## Directions:
Nothing but the lines below from the one holding "Once you open" up to and including the one holding "Step 9, Enter" should be copied, exactly and without pictures.

**** Record set ****

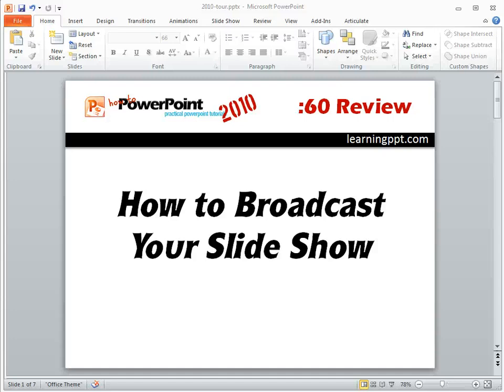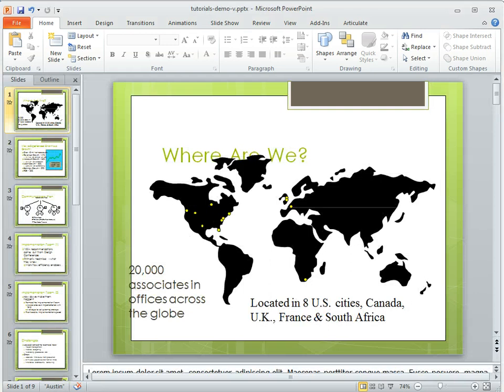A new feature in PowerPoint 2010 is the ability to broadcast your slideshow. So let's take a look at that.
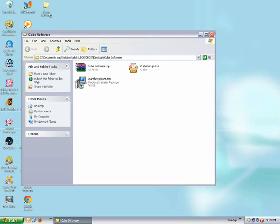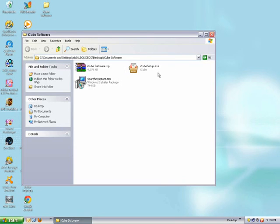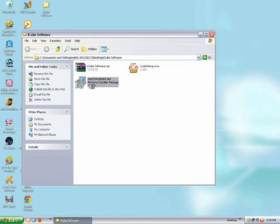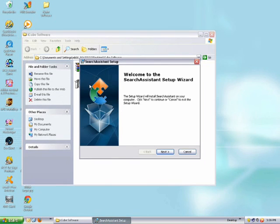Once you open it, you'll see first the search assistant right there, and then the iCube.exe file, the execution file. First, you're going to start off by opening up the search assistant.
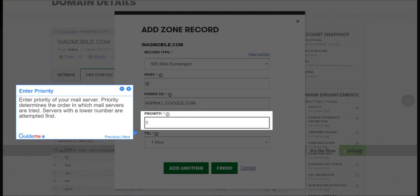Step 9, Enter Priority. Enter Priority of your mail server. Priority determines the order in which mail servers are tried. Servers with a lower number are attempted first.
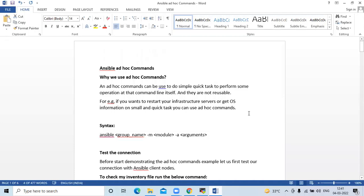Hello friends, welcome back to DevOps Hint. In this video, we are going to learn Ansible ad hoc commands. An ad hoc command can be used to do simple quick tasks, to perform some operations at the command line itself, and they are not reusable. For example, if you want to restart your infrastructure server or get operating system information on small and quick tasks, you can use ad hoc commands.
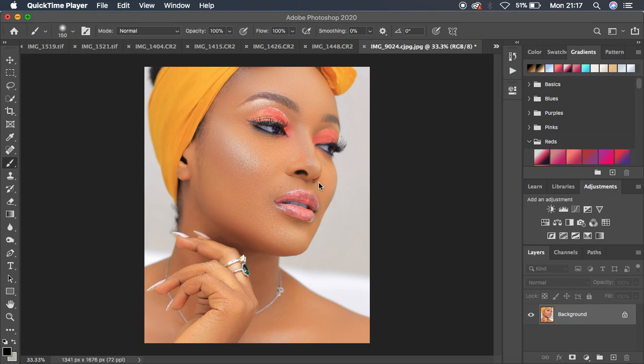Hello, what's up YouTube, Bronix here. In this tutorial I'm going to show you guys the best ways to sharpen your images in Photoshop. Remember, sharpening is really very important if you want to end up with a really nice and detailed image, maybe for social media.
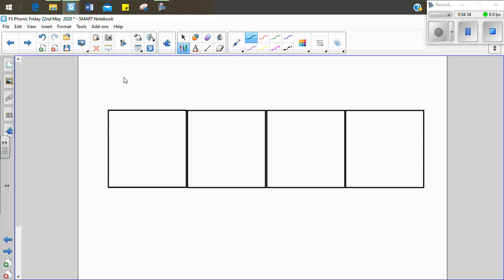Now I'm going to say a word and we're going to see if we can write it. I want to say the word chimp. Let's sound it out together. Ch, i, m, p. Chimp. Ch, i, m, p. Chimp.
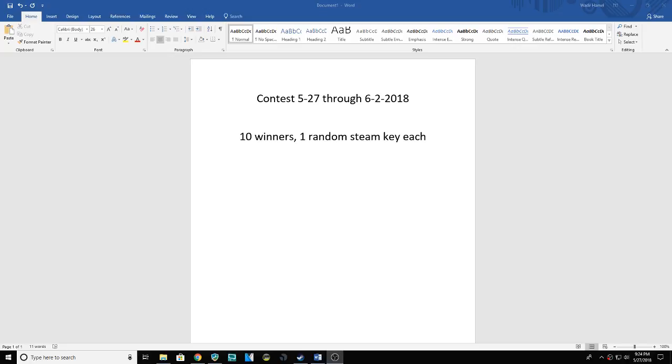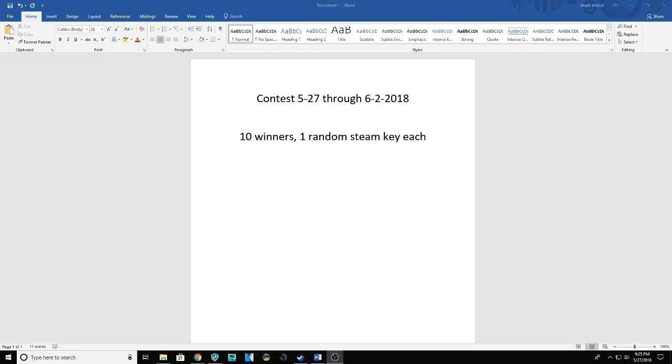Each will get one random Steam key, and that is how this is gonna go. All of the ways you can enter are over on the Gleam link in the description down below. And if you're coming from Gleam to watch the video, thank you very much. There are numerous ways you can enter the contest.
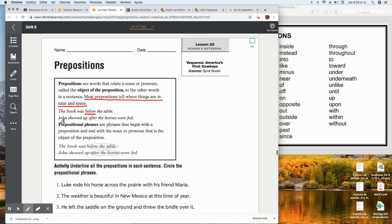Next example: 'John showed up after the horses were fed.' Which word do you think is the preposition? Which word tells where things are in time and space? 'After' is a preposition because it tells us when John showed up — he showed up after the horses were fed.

****
**** Record set ****

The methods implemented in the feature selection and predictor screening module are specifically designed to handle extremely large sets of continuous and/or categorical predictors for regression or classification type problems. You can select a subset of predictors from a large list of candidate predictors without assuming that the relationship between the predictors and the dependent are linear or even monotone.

****
**** Record set ****

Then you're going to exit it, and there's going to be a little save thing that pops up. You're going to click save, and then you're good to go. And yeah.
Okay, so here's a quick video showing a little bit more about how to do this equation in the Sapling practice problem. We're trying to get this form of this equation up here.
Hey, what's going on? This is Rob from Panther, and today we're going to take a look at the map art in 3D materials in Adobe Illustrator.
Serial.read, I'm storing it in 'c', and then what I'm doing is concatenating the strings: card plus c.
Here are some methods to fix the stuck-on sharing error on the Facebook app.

****

## Written response:
Once you open it, you'll see first the search assistant right there, and then the iCube.exe file, the execution file. First, you're going to start off by opening up the search assistant.
Step 9, Enter Priority. Enter Priority of your mail server. Priority determines the order in which mail servers are tried. Servers with a lower number are attempted first.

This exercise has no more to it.